**THE TASK:** From the listing below, retype exactly the line holding "ข้าวหอมมันปูกับสะโพกไก่ต้มน้ำปลา", the line holding "4 Bedroom Property", and the lines between them; skip everything else.

**DATA EXTRACTS:**
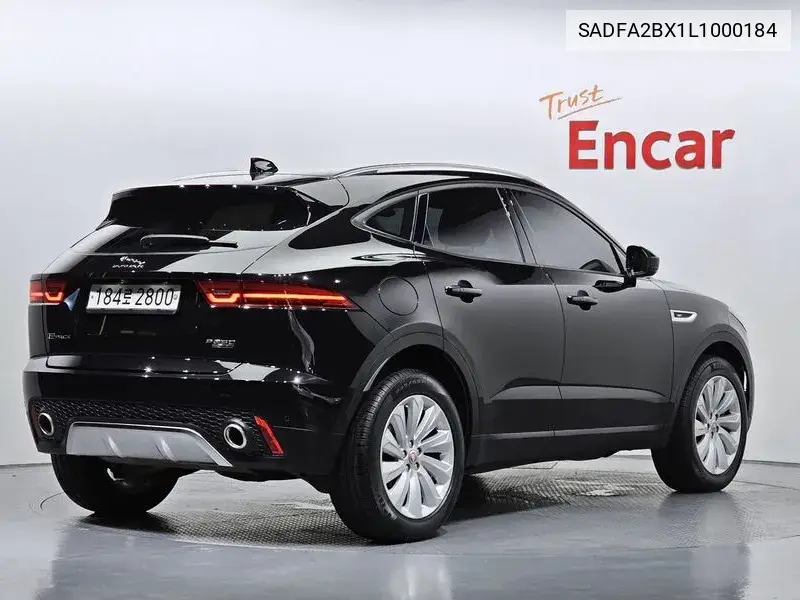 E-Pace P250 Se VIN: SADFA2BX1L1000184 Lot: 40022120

--

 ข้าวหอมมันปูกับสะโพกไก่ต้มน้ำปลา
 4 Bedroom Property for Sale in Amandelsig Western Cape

**RESPONSE AREA:**
 ข้าวหอมมันปูกับสะโพกไก่ต้มน้ำปลา
 4 Bedroom Property for Sale in Amandelsig Western Cape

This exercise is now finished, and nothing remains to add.